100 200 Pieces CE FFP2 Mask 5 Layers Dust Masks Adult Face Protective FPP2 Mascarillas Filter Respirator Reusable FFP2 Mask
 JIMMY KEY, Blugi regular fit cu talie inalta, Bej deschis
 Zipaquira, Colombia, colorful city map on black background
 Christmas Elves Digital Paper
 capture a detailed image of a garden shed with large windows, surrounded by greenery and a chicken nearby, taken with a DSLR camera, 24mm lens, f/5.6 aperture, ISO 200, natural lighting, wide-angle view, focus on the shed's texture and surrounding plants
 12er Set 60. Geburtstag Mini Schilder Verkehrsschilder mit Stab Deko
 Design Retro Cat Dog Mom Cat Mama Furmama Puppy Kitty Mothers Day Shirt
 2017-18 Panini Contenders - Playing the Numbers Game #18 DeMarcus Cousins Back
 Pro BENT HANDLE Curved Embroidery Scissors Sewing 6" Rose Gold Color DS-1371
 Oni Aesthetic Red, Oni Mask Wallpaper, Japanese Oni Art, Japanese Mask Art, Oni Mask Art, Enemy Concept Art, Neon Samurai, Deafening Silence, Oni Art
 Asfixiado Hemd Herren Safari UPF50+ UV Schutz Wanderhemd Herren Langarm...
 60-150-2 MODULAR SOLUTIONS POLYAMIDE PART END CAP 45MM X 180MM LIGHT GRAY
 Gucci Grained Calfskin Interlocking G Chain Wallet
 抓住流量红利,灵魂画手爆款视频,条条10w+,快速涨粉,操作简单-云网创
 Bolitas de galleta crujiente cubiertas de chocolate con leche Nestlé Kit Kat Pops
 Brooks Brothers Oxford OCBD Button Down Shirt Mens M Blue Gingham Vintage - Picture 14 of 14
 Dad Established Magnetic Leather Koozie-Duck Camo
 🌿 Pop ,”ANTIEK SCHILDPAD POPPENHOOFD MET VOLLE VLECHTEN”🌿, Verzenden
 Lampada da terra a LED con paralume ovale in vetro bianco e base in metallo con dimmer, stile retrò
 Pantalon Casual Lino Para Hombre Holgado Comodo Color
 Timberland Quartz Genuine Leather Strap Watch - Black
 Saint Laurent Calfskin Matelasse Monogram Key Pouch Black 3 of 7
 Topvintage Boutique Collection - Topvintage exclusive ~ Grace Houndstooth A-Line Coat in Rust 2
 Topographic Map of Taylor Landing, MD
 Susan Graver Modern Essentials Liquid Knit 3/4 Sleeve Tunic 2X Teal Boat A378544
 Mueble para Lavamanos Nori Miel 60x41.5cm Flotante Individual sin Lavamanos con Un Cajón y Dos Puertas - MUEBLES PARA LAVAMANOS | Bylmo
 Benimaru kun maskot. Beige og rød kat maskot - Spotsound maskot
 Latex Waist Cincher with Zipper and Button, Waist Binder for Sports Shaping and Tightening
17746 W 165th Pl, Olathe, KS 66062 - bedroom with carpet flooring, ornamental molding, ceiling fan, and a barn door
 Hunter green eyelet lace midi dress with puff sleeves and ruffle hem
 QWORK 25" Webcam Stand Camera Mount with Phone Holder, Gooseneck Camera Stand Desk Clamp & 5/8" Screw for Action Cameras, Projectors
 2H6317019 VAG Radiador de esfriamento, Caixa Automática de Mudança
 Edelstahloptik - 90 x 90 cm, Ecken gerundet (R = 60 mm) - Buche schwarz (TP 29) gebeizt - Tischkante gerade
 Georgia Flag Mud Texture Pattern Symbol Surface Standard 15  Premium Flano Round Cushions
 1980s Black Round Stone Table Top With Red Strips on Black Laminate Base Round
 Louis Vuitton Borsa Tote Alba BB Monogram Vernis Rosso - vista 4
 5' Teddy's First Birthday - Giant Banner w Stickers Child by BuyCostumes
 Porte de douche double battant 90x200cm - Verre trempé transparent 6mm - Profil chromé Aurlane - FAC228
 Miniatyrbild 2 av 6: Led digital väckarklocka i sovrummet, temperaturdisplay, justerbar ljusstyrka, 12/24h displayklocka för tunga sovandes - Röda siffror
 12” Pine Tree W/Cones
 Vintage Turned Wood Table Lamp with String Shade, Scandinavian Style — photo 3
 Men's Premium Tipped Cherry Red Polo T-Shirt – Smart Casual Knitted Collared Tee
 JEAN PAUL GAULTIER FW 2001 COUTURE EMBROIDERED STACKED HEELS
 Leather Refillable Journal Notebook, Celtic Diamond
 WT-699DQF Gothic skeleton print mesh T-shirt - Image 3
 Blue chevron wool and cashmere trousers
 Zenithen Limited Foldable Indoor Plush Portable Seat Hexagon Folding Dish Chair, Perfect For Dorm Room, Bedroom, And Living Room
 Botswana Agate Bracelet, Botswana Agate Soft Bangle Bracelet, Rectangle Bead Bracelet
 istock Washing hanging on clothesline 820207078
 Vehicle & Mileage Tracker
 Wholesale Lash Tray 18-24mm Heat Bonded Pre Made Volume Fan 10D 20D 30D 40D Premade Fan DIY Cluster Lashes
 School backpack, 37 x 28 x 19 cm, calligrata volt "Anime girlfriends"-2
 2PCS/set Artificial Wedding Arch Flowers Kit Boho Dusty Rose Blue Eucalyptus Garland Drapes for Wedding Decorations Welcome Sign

◆ Problem to solve
The response should hold exactly the lines starting at the line with "Brooks Brothers Oxford" and ending at the line with "2H6317019 VAG Radiador", and no other line of the material above.

◆ Reply to the task
 Brooks Brothers Oxford OCBD Button Down Shirt Mens M Blue Gingham Vintage - Picture 14 of 14
 Dad Established Magnetic Leather Koozie-Duck Camo
 🌿 Pop ,”ANTIEK SCHILDPAD POPPENHOOFD MET VOLLE VLECHTEN”🌿, Verzenden
 Lampada da terra a LED con paralume ovale in vetro bianco e base in metallo con dimmer, stile retrò
 Pantalon Casual Lino Para Hombre Holgado Comodo Color
 Timberland Quartz Genuine Leather Strap Watch - Black
 Saint Laurent Calfskin Matelasse Monogram Key Pouch Black 3 of 7
 Topvintage Boutique Collection - Topvintage exclusive ~ Grace Houndstooth A-Line Coat in Rust 2
 Topographic Map of Taylor Landing, MD
 Susan Graver Modern Essentials Liquid Knit 3/4 Sleeve Tunic 2X Teal Boat A378544
 Mueble para Lavamanos Nori Miel 60x41.5cm Flotante Individual sin Lavamanos con Un Cajón y Dos Puertas - MUEBLES PARA LAVAMANOS | Bylmo
 Benimaru kun maskot. Beige og rød kat maskot - Spotsound maskot
 Latex Waist Cincher with Zipper and Button, Waist Binder for Sports Shaping and Tightening
17746 W 165th Pl, Olathe, KS 66062 - bedroom with carpet flooring, ornamental molding, ceiling fan, and a barn door
 Hunter green eyelet lace midi dress with puff sleeves and ruffle hem
 QWORK 25" Webcam Stand Camera Mount with Phone Holder, Gooseneck Camera Stand Desk Clamp & 5/8" Screw for Action Cameras, Projectors
 2H6317019 VAG Radiador de esfriamento, Caixa Automática de Mudança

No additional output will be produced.